Collected data
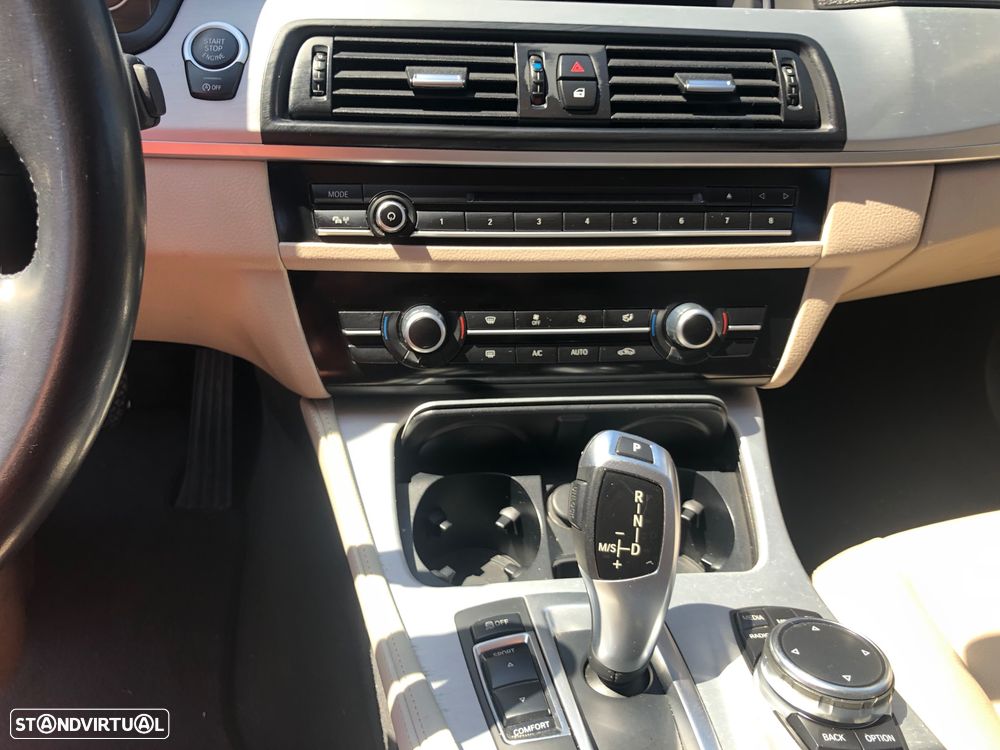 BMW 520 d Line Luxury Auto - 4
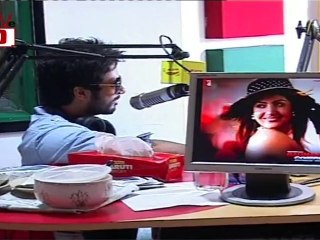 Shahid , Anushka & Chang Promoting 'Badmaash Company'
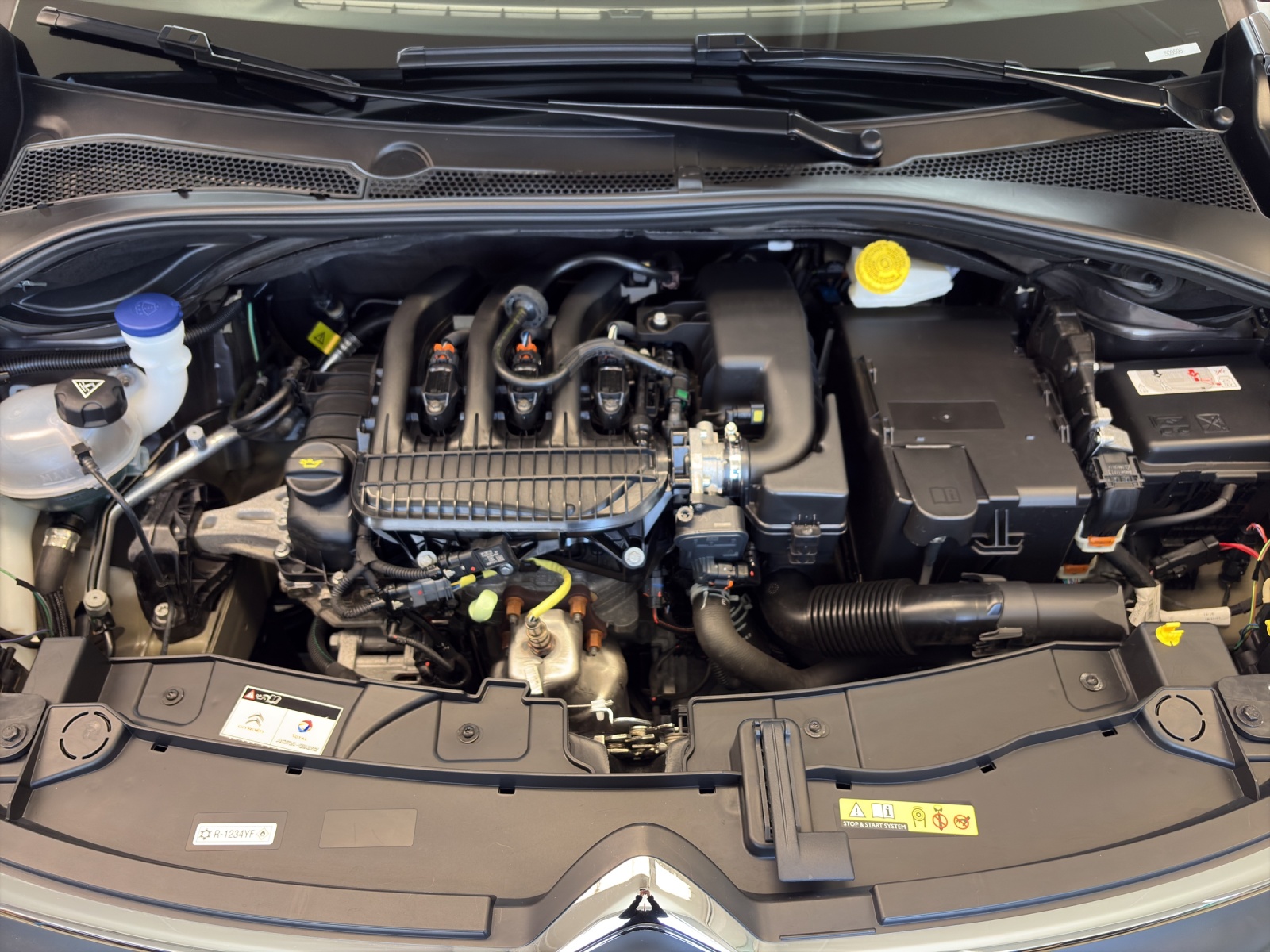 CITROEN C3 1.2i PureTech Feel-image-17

Work to complete
Write out, word for word, the lines running from the one containing "Shahid , Anushka" to the end of the data above; the pictures are to be left out.

Response to this task
 Shahid , Anushka & Chang Promoting 'Badmaash Company'
 CITROEN C3 1.2i PureTech Feel-image-17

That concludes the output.